Return every line of the data below exactly, but do not include the images.

(RECORDS SHOWN Opens)

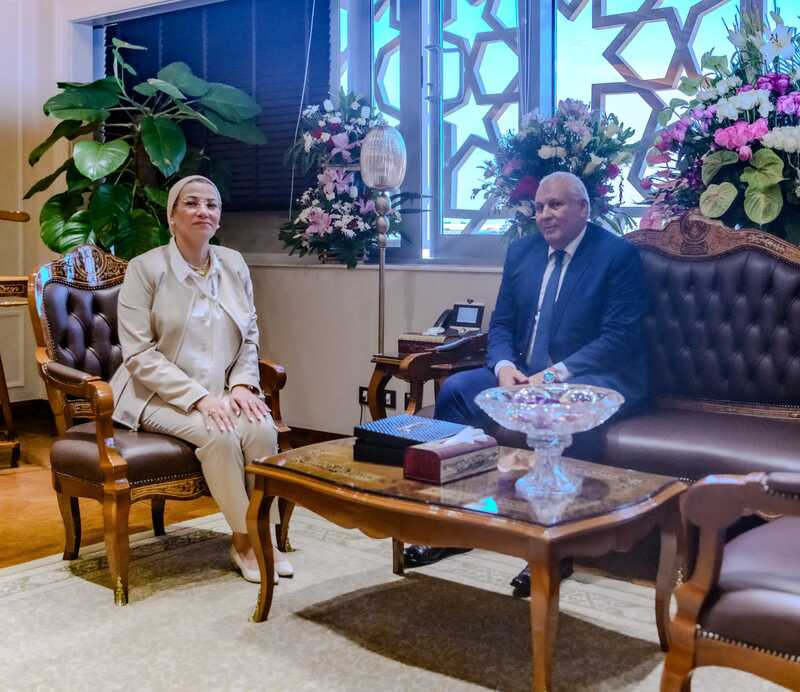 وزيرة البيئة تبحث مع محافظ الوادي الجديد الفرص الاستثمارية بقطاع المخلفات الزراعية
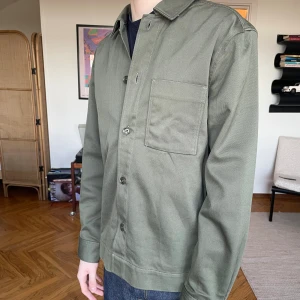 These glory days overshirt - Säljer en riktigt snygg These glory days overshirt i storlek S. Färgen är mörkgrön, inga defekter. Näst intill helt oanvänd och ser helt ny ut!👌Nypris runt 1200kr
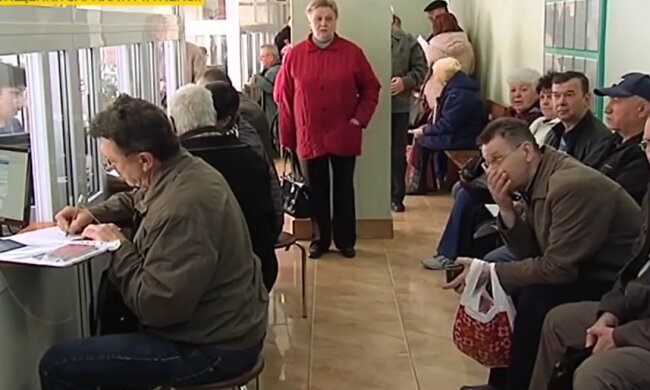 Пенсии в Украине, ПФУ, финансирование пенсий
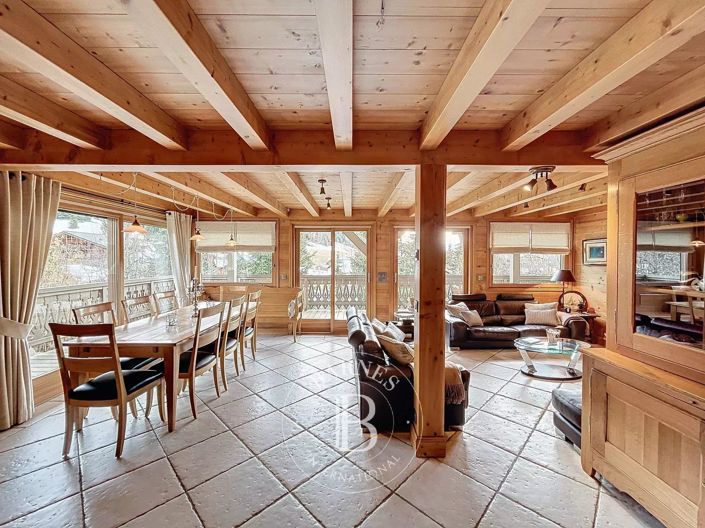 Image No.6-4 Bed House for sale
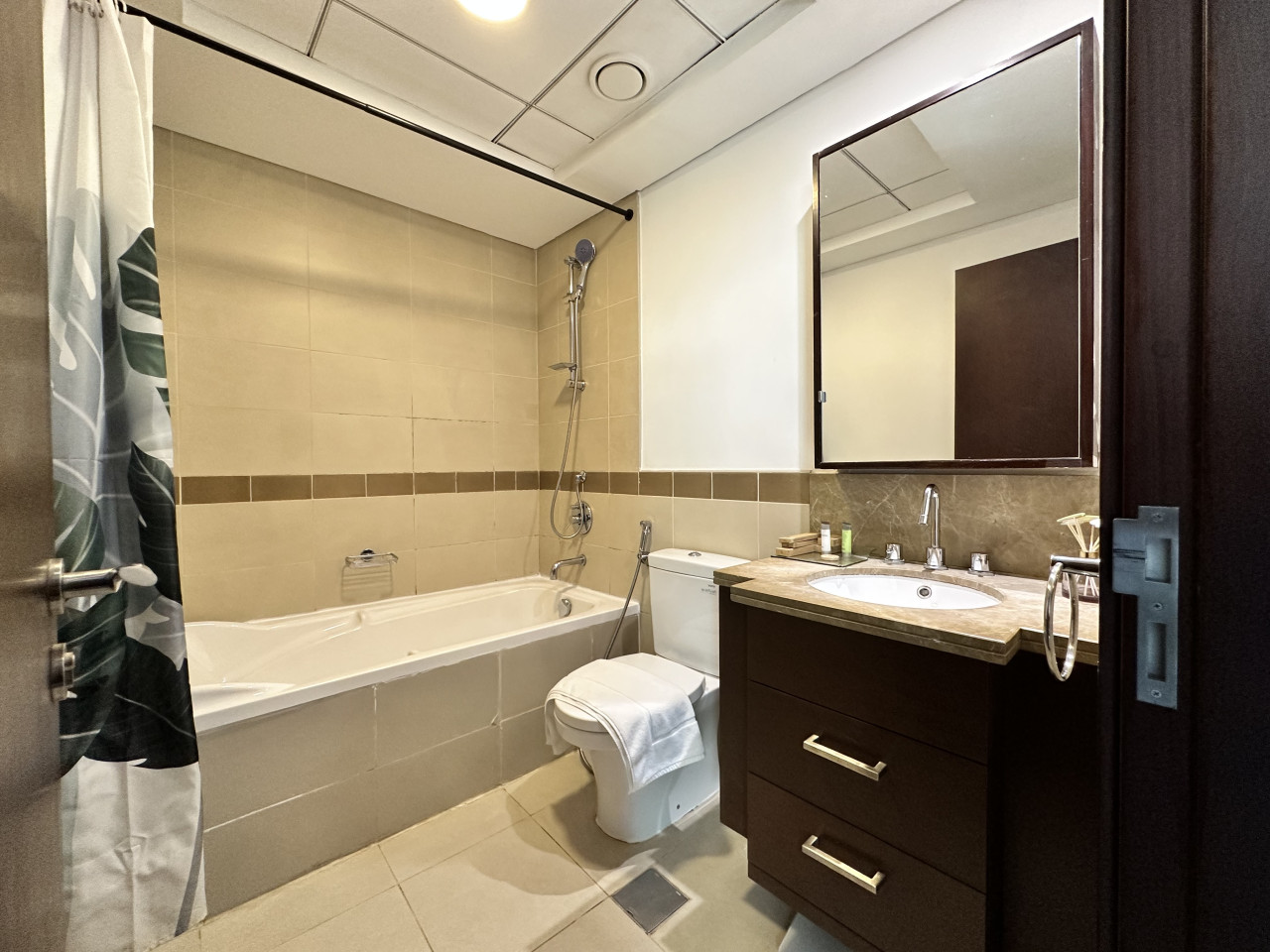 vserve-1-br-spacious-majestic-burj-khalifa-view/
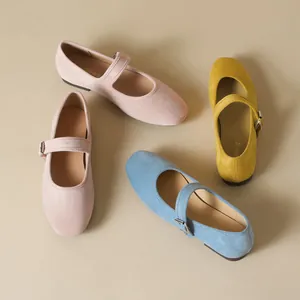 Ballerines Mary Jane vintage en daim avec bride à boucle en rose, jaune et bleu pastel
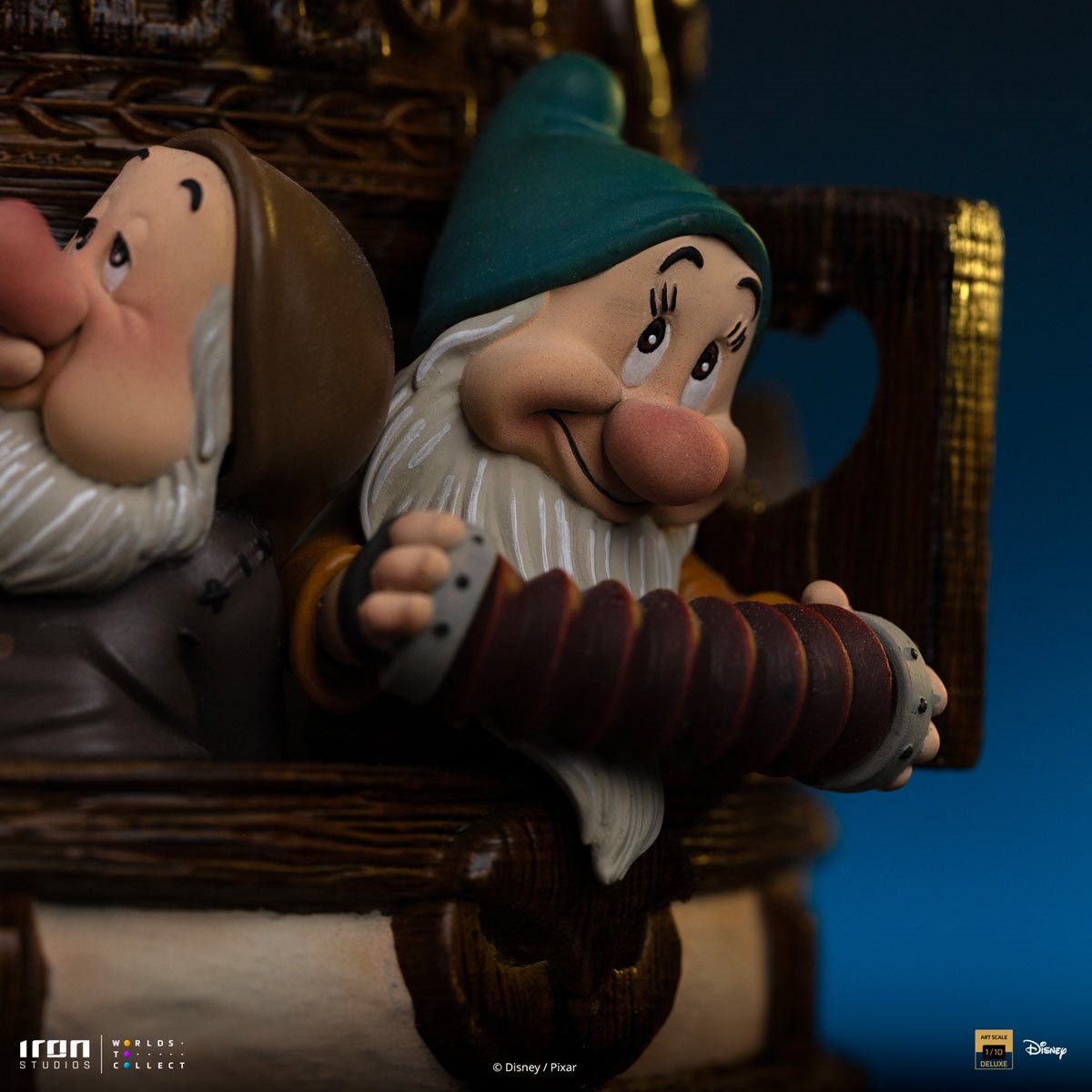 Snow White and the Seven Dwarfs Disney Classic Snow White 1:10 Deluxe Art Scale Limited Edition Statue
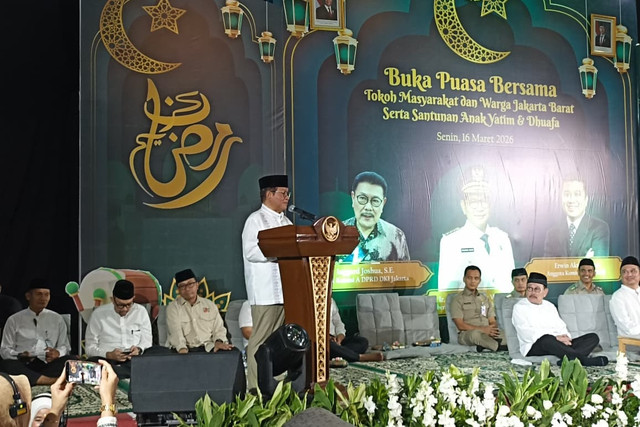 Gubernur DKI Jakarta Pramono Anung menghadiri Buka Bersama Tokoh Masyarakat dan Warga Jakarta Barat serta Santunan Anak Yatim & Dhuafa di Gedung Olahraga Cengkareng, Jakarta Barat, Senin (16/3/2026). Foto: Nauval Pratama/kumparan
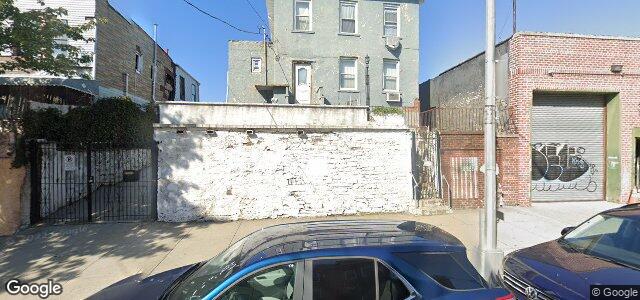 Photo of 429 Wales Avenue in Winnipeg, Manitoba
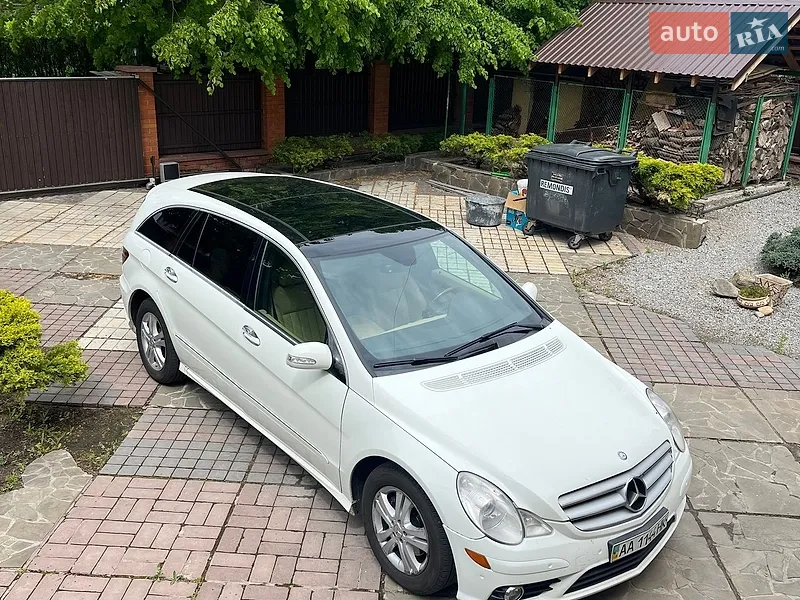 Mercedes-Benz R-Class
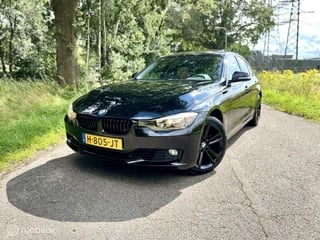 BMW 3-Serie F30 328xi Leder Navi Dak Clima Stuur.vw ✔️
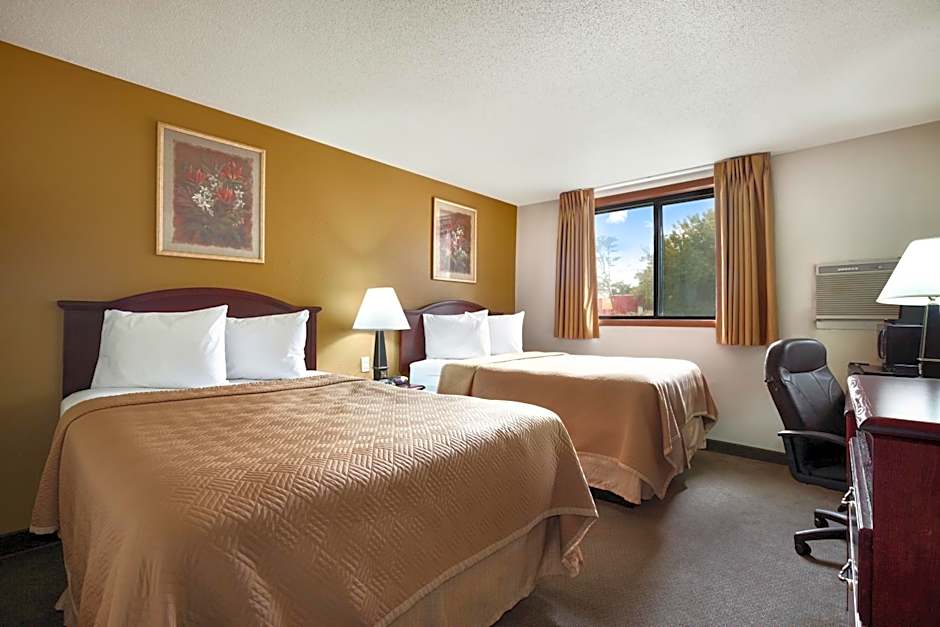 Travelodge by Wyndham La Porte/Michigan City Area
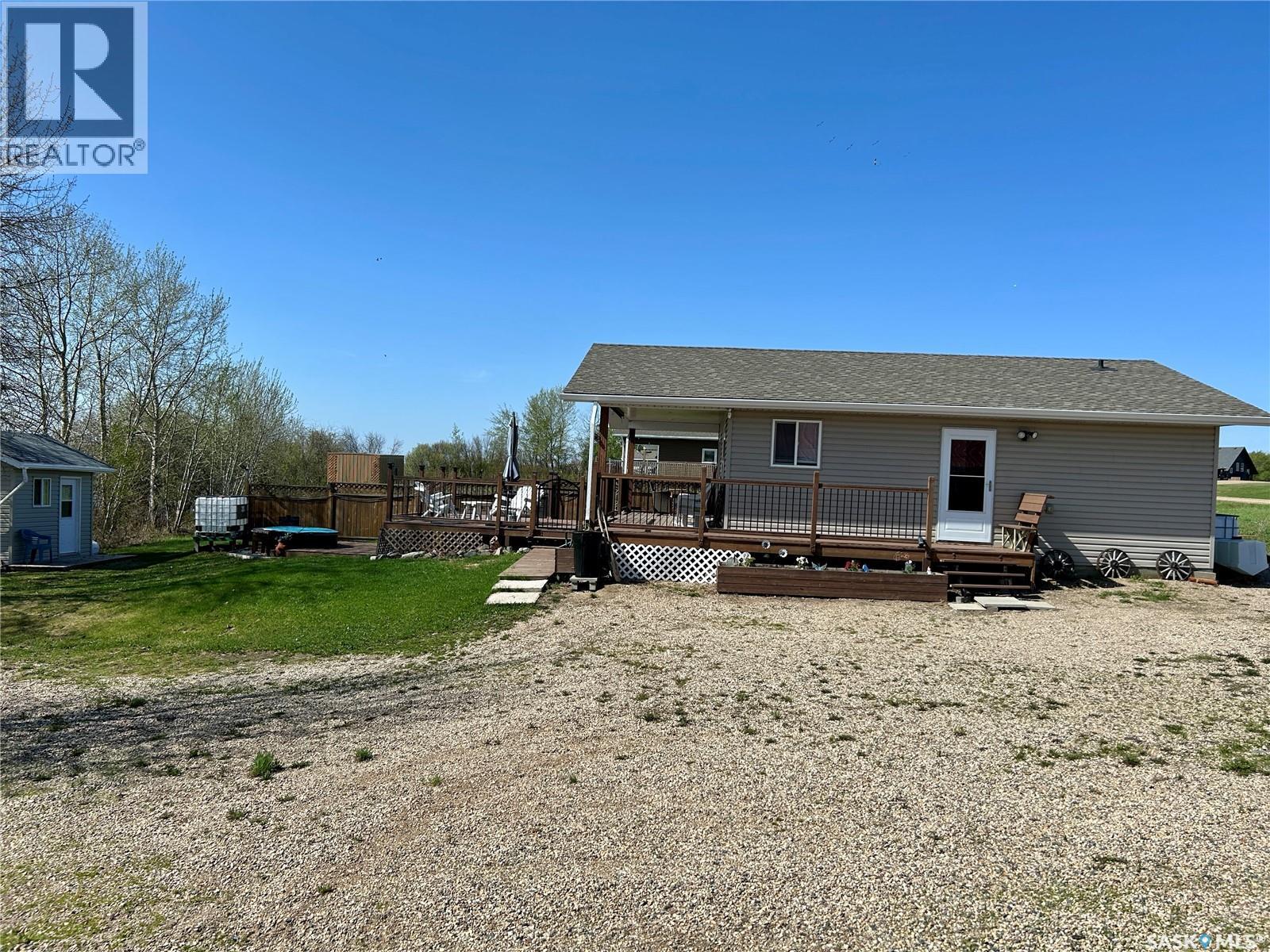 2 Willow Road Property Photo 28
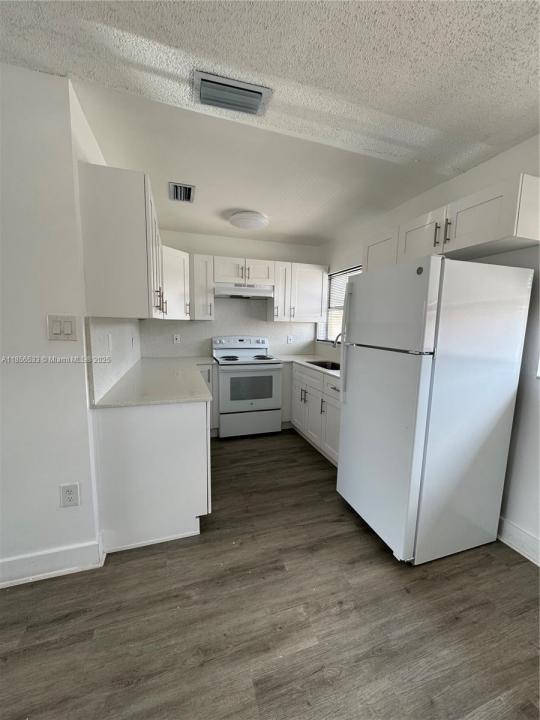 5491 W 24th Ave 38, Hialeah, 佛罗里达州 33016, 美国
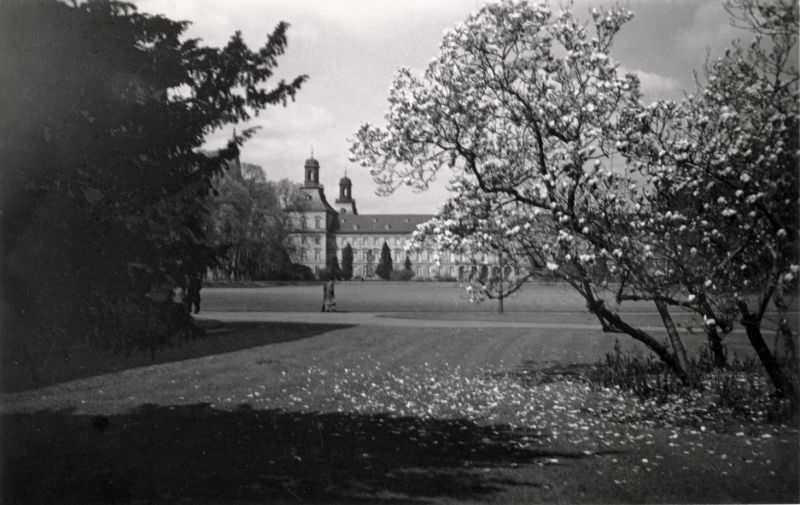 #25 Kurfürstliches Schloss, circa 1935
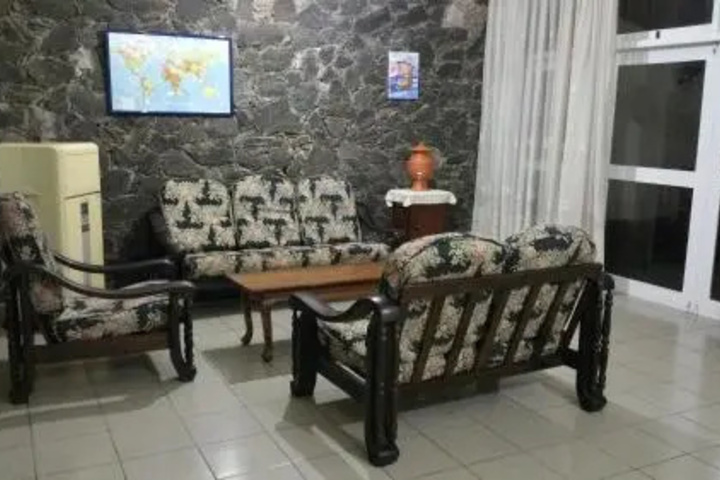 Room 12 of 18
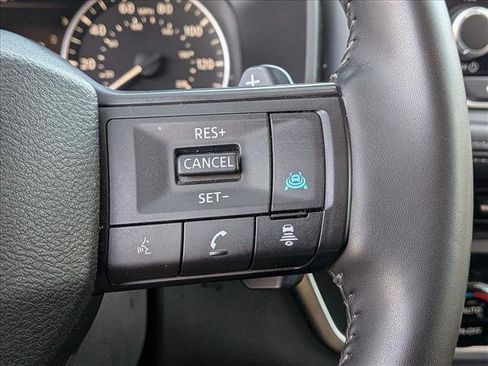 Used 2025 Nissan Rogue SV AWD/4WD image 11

(RECORDS SHOWN Closes)

■ **RESPONSE TO THIS TASK**:
 وزيرة البيئة تبحث مع محافظ الوادي الجديد الفرص الاستثمارية بقطاع المخلفات الزراعية
 These glory days overshirt - Säljer en riktigt snygg These glory days overshirt i storlek S. Färgen är mörkgrön, inga defekter. Näst intill helt oanvänd och ser helt ny ut!👌Nypris runt 1200kr
 Пенсии в Украине, ПФУ, финансирование пенсий
 Image No.6-4 Bed House for sale
 vserve-1-br-spacious-majestic-burj-khalifa-view/
 Ballerines Mary Jane vintage en daim avec bride à boucle en rose, jaune et bleu pastel
 Snow White and the Seven Dwarfs Disney Classic Snow White 1:10 Deluxe Art Scale Limited Edition Statue
 Gubernur DKI Jakarta Pramono Anung menghadiri Buka Bersama Tokoh Masyarakat dan Warga Jakarta Barat serta Santunan Anak Yatim & Dhuafa di Gedung Olahraga Cengkareng, Jakarta Barat, Senin (16/3/2026). Foto: Nauval Pratama/kumparan
 Photo of 429 Wales Avenue in Winnipeg, Manitoba
 Mercedes-Benz R-Class
 BMW 3-Serie F30 328xi Leder Navi Dak Clima Stuur.vw ✔️
 Travelodge by Wyndham La Porte/Michigan City Area
 2 Willow Road Property Photo 28
 5491 W 24th Ave 38, Hialeah, 佛罗里达州 33016, 美国
 #25 Kurfürstliches Schloss, circa 1935
 Room 12 of 18
 Used 2025 Nissan Rogue SV AWD/4WD image 11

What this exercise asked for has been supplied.